Work instructions:
Could you return each entry below exactly as written, minus any pictures?

Given data:
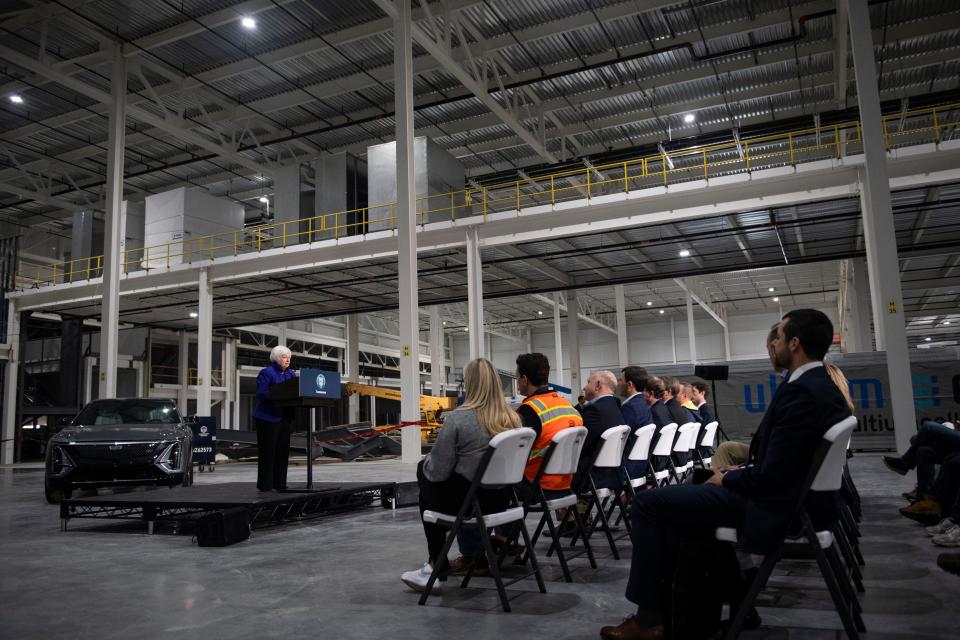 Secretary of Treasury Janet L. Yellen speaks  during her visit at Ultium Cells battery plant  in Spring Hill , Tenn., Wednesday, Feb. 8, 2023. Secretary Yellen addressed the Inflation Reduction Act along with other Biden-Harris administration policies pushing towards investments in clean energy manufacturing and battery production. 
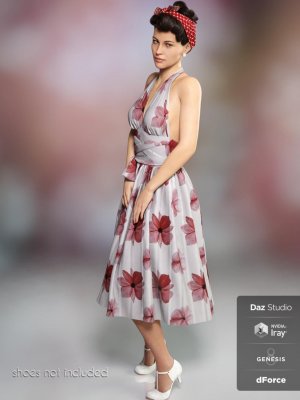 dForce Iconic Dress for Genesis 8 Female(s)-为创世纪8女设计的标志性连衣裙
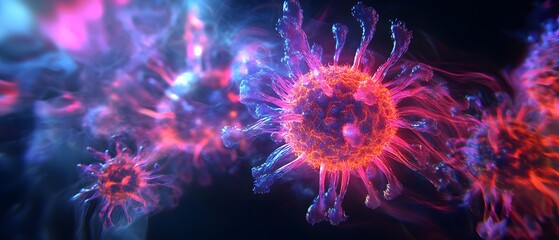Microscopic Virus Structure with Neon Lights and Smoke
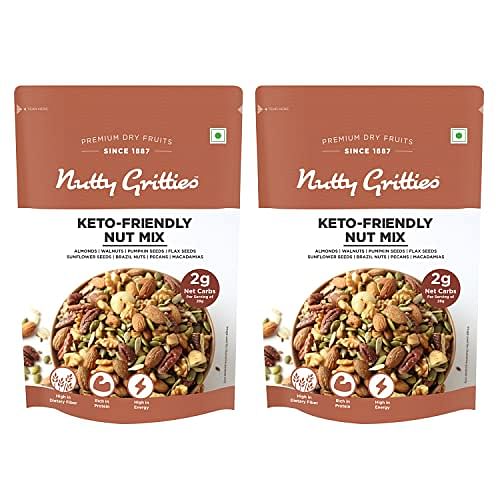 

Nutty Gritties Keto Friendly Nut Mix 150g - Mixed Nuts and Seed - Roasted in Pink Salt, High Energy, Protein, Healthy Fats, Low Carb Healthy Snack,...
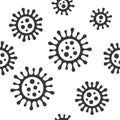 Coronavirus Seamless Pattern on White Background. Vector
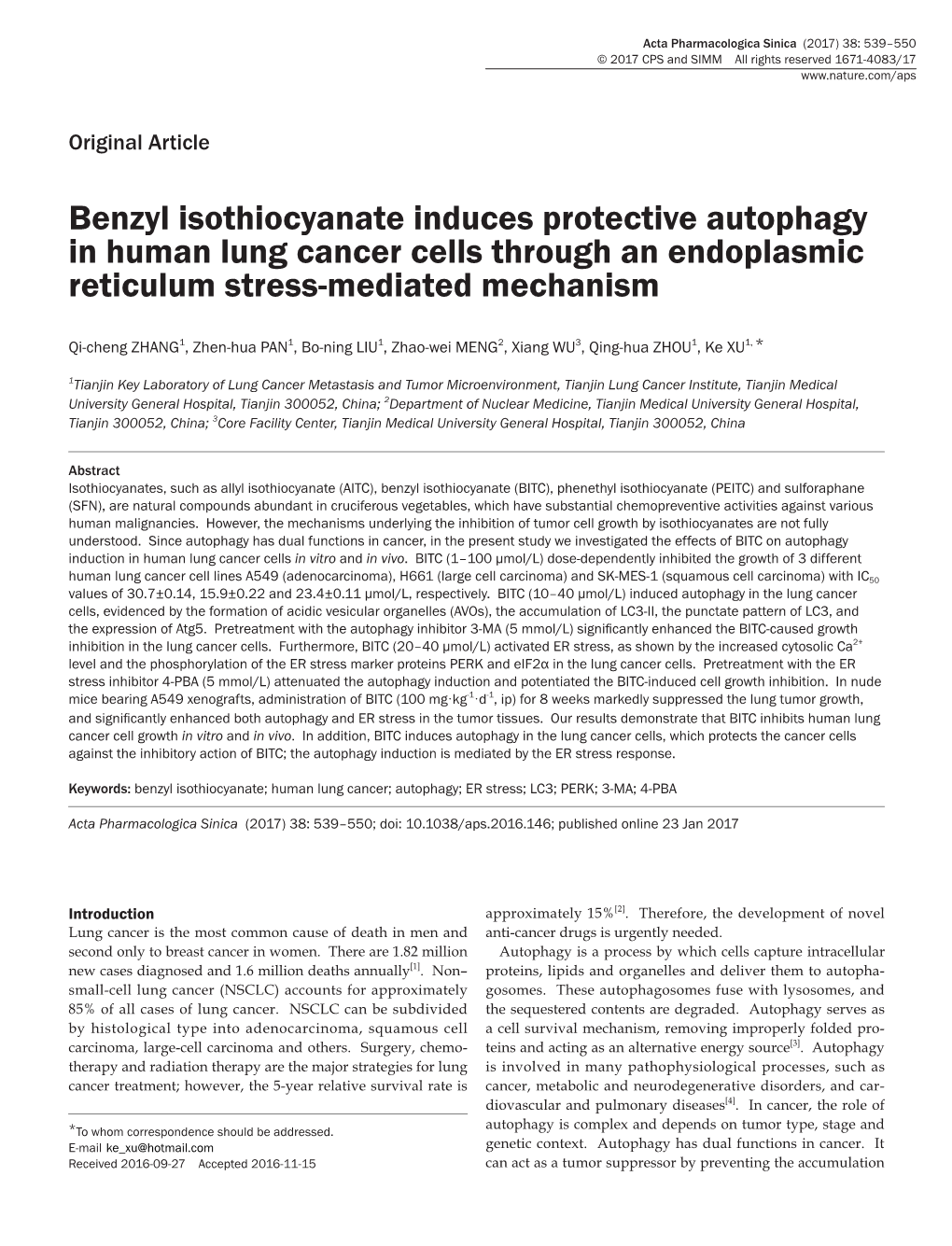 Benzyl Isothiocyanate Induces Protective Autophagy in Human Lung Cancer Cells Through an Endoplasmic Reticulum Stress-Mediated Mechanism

Your response:
 Secretary of Treasury Janet L. Yellen speaks  during her visit at Ultium Cells battery plant  in Spring Hill , Tenn., Wednesday, Feb. 8, 2023. Secretary Yellen addressed the Inflation Reduction Act along with other Biden-Harris administration policies pushing towards investments in clean energy manufacturing and battery production. 
 dForce Iconic Dress for Genesis 8 Female(s)-为创世纪8女设计的标志性连衣裙
Microscopic Virus Structure with Neon Lights and Smoke

Nutty Gritties Keto Friendly Nut Mix 150g - Mixed Nuts and Seed - Roasted in Pink Salt, High Energy, Protein, Healthy Fats, Low Carb Healthy Snack,...
 Coronavirus Seamless Pattern on White Background. Vector
 Benzyl Isothiocyanate Induces Protective Autophagy in Human Lung Cancer Cells Through an Endoplasmic Reticulum Stress-Mediated Mechanism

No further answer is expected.